[[ LISTED ENTRIES open ]]

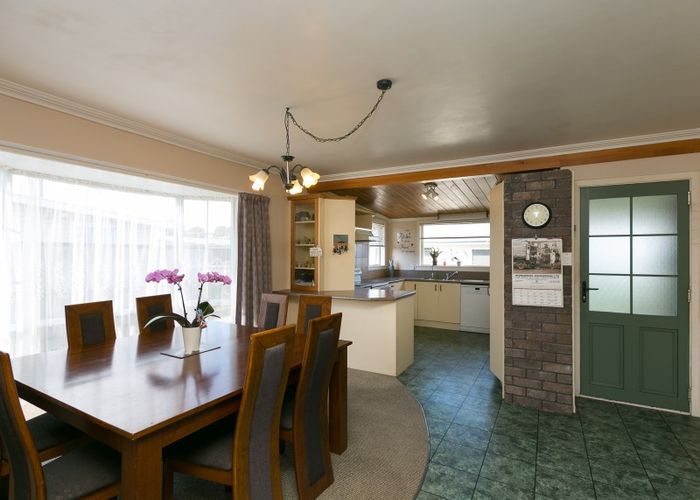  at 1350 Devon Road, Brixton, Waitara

[[ LISTED ENTRIES closed ]]
[[ LISTED ENTRIES open ]]

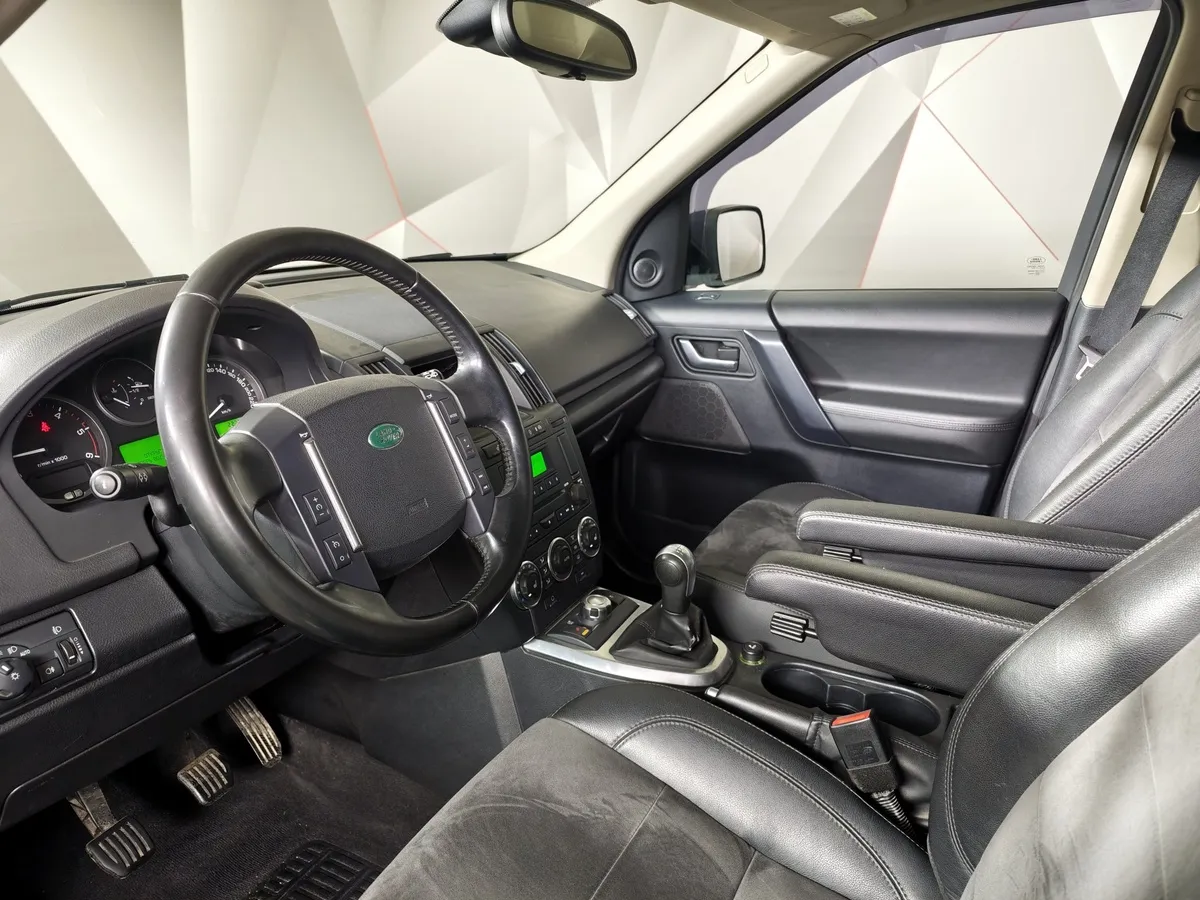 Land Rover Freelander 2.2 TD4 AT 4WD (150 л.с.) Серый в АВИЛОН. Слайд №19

[[ LISTED ENTRIES closed ]]
[[ LISTED ENTRIES open ]]

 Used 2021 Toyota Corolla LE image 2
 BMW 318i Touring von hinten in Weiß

[[ LISTED ENTRIES closed ]]

= WORK REQUEST =
There is a line with "Used 2021 Toyota Corolla LE image 2" and a line with "BMW 318i Touring von hinten in Weiß" above. Copy exactly those two lines and all lines between them, with nothing else.

= SOLUTION TO THE PROBLEM =
 Used 2021 Toyota Corolla LE image 2
 BMW 318i Touring von hinten in Weiß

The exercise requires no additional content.